The brief facts of the case are that the Gujarat Energy Training Research Institute (GETRI) is an autonomus training and research facility promoted by the appellant and its subsidiaries companies. The government body consist of not more than 15 persons including the Chairman of Appellant who shall be the Chairman of Governing body. All he member of governing body including the Chairman and Director of GETRI shall be appointed by the appellant with the concurrence of the Promotor Companies namely the appellant GUVNL and its subsidiaries. The objective/ purpose of the GETRI are catering to the need for training the employees of the appellant and its subsidiary companies. Thus GETRI is the associate concern of GUVNL (appellant) promoted for the primary purpose of training the employees of GUVNL and its subsidiary companies. The appellant have deputed its employees to GETRI as per MoA of GETRI for easy administration of the GETRI. As per the MoA all the employees of GETRI can be either staff on deputation from GUVNL or its subsidiaries companies. The appellant are paying salaries to its employees including employees who are on deputation to GETRI as per the contractual terms of the employees. As per the terms of employment, appellant has its employees to other group concerns on deputation basis. Being the employer, the appellant also bears all statutory liabilities like provident fund, gratuity etc. together with the salary of such employees on deputation. Being the Government companies, posting of employees are subject to change at regular intervals. The appellant have recovered actual cost of salary paid to employees deputed at GETRI from it at regular interval. However there was no profit element involved in the amount recovered from the GETRI by the appellant. Further the salary cost is reimbursed by GETRI out of major source of revenue earned by way of contribution receipts. The case of the department is that on account of cost of salary recovered by the appellant from GETRI is liable to service tax under the category of man-power recruitment or supply agency service. Hence there is a demand of service tax. Being aggrieved by the impugned order, the appellant filed the present appeal.
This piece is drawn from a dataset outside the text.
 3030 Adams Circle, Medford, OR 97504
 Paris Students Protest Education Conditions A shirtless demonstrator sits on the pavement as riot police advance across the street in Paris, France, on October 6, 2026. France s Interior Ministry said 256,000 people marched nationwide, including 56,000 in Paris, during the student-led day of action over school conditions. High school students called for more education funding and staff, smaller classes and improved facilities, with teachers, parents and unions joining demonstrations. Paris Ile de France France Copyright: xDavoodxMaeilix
  1. Shri Vijay N Tewar, learned Chartered Accountant appearing on behalf of the appellant, at the outset, submits that recovery of cost of the employees deputed to the group entity M/s GETRI is not liable to service in the hands of the appellant. He submits that the identical issue has been considered in various judgments. He placed reliance on the following judgments:

    • Arvind Mills Ltd. 2014 (4) TMI 132

    • Taisei Corp. 2017 (87) Taxmann.com 180 (New Delhi)

    • Franco Indian Pharmaceutical (P) Ltd. Appeal No. ST/368/2012 decided on 05.01.2016

  2. Shri R. Nathan, learned Assistant Commissioner (Authorised Representative) appearing on behalf of the Revenue reiterates the findings of the impugned order.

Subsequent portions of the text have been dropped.